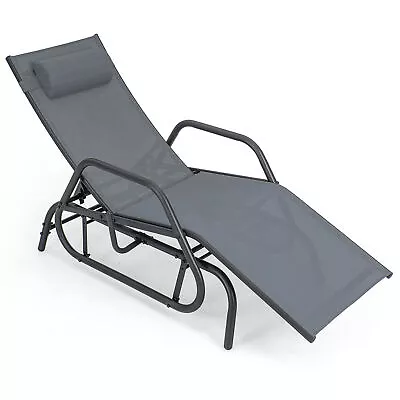 Patio Chaise Lounge Glider Recliner Chair Adjustable Sturdy Metal Frame Grey • $108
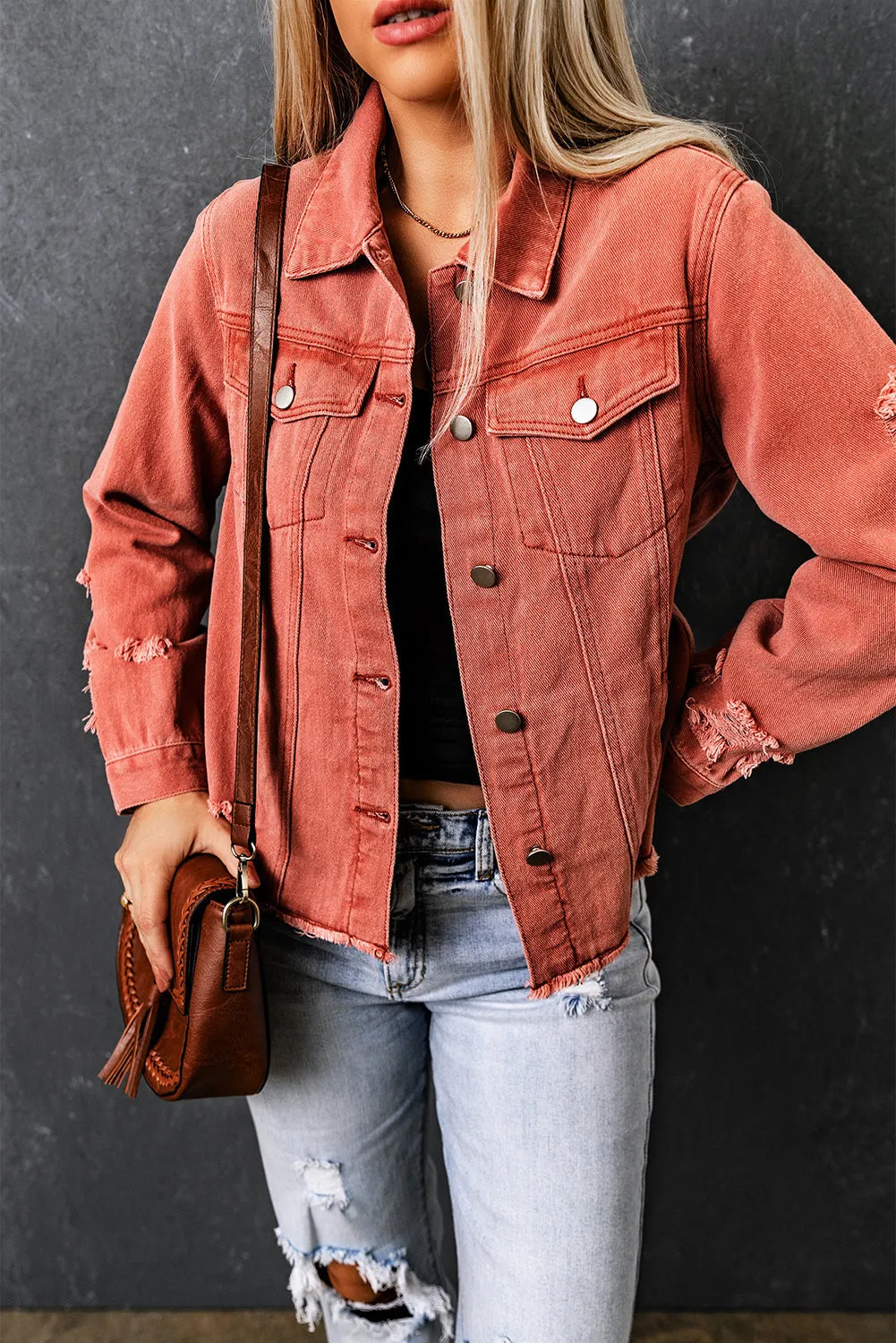 Lapel Distressed Raw Hem Buttons Denim Jacket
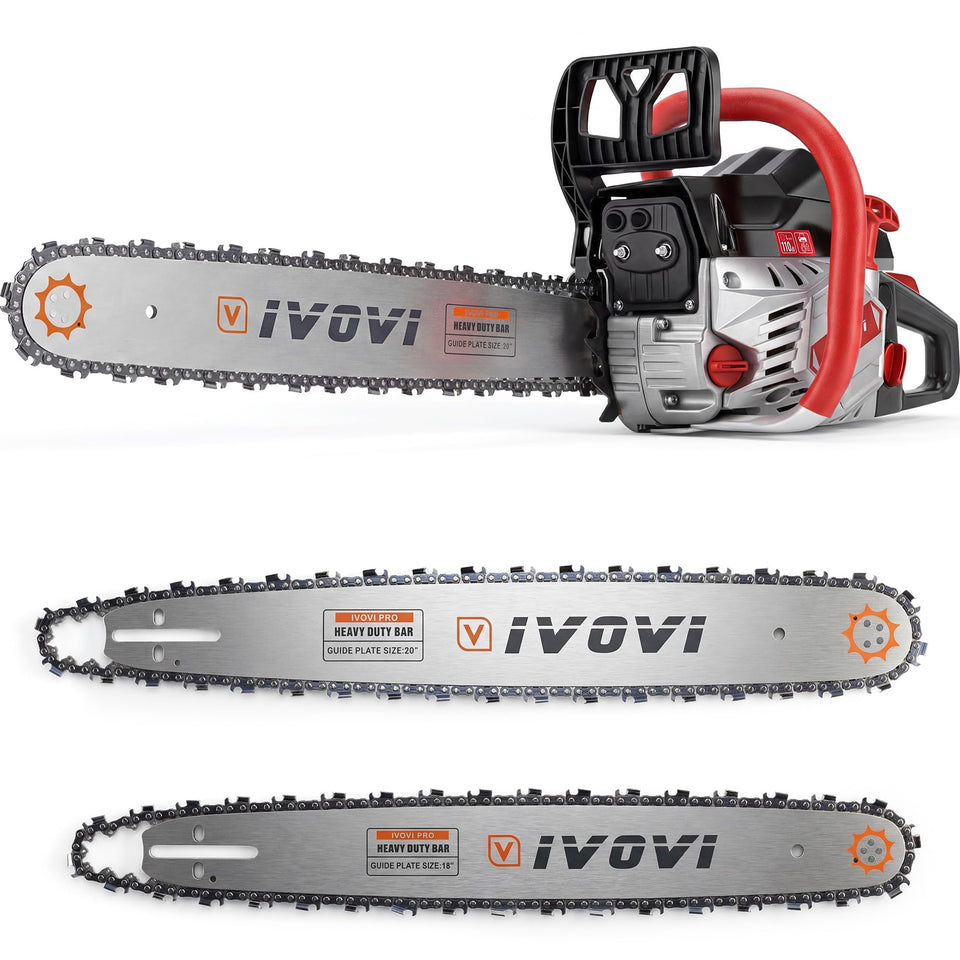 IVOVI 63CC chainsaw with a 20-inch bar for fast, precise cuts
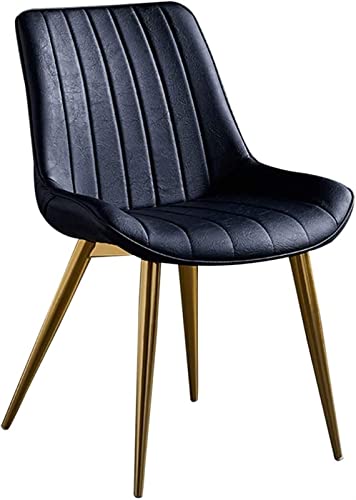 SJIALEN Modern PU Kitchen Dining Chairs, with Backrest Soft Cushion Dining Chairs Faux Leather Seat Golden Metal Legs Reception Chairs Kitchen Chair (Color : Black, Size : 46x53x83cm)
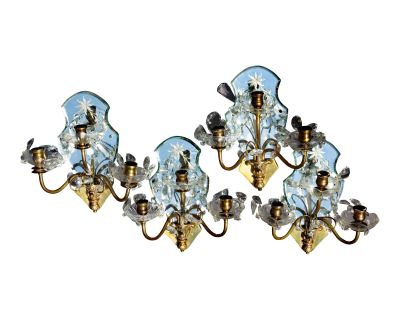 Neo-Classical Style Etched Mirror Back Sconces Early 20th Century Set of Four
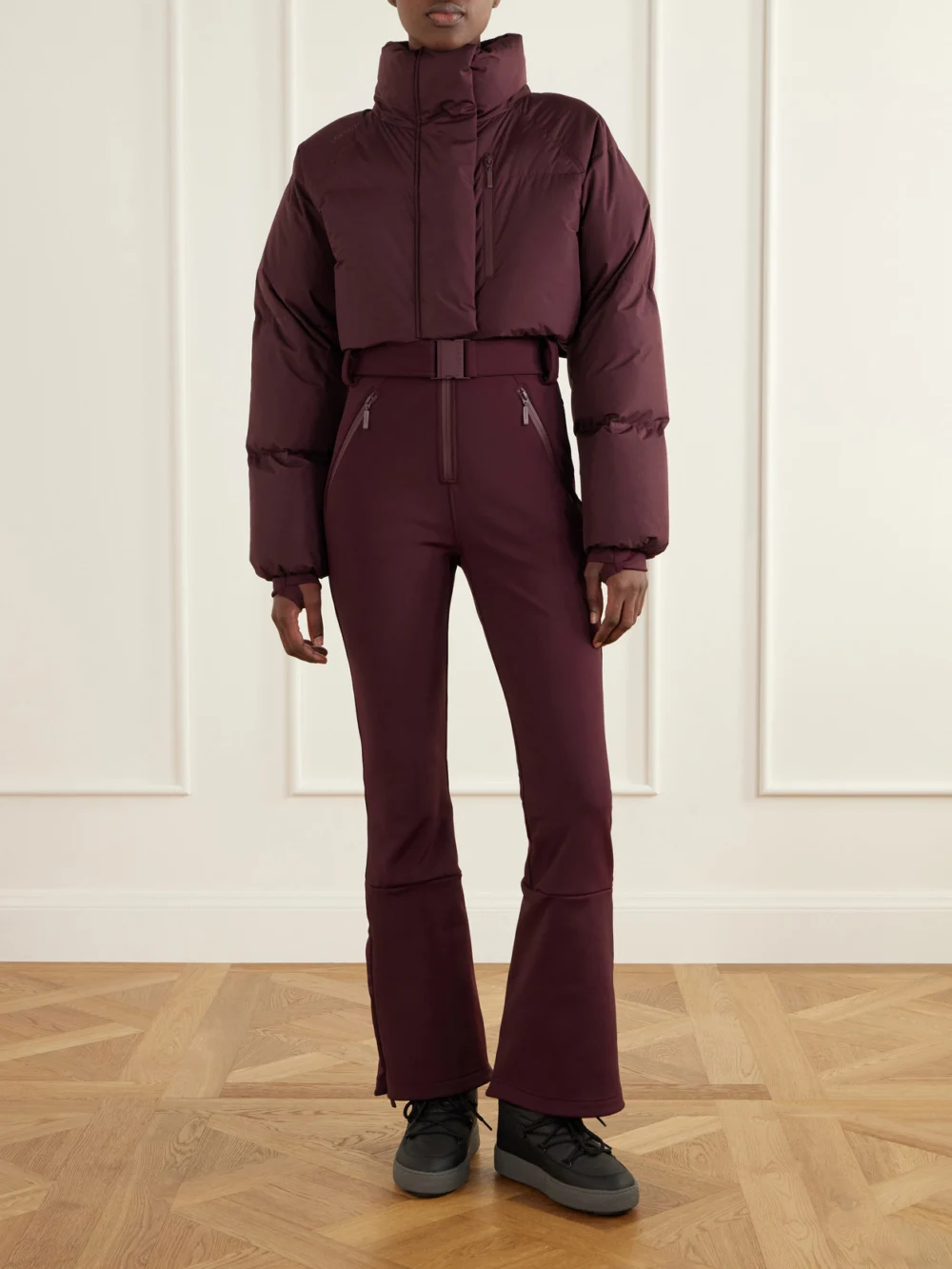 Cordova Myoko Belted Quilted Down Ski Suit, worn by a model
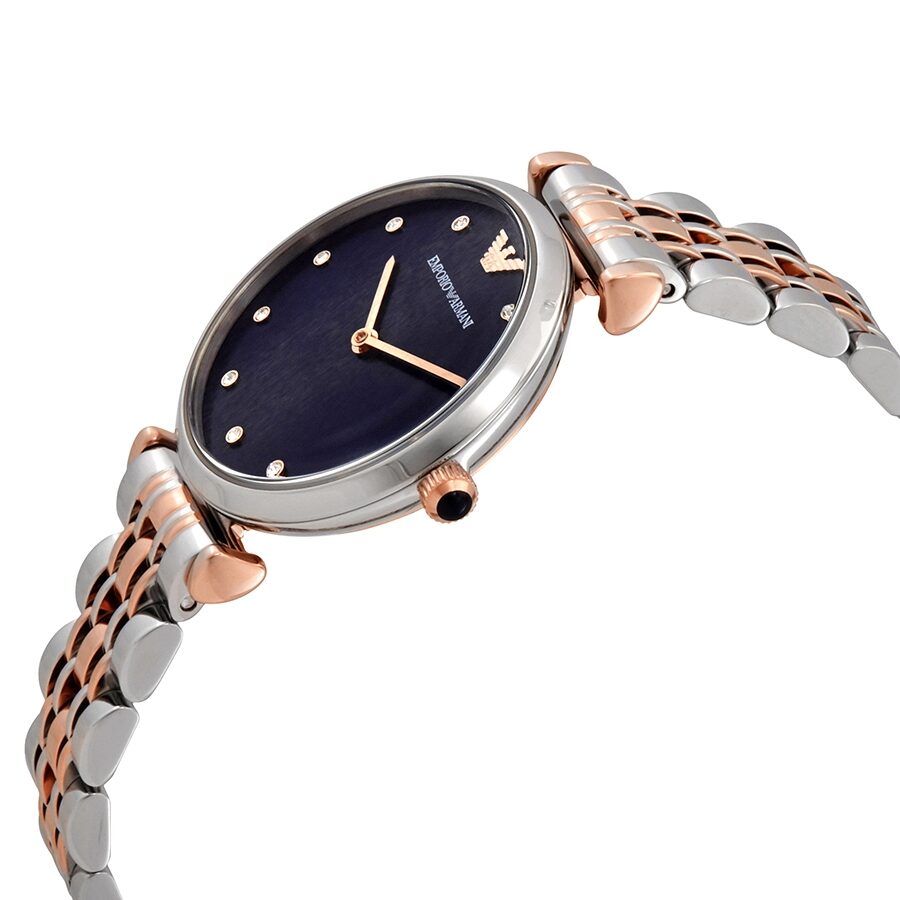 Emporio Armani Quartz dameshorloge met blauwe wijzerplaat AR11092 Secundaire afbeelding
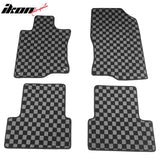 2009-2014 Acura TSX Floor Mats Carpet Black Gray Plaid Polypropylene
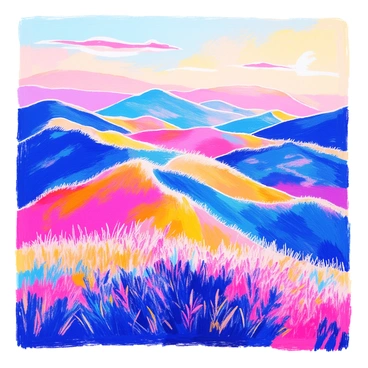 Rolling hills undulate across the landscape, each curve and slope highlighted by the changing colors of the sky. The scene captures a gradient of hues, transitioning from "pale yellow" at the horizon to "warm orange" higher in the sky. Soft light washes over the hills, casting gentle shadows that enhance their texture. The grass on the hills appears lush and vibrant, reflecting the early morning light.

################

→ PROBLEM STATEMENT
In the answer, set down only the lines from the opening line of the listing through the line that holds "IVOVI 63CC chainsaw", exactly as they appear, minus the pictures.

→ ANSWER TO THIS EXERCISE
 Patio Chaise Lounge Glider Recliner Chair Adjustable Sturdy Metal Frame Grey • $108
 Lapel Distressed Raw Hem Buttons Denim Jacket
 IVOVI 63CC chainsaw with a 20-inch bar for fast, precise cuts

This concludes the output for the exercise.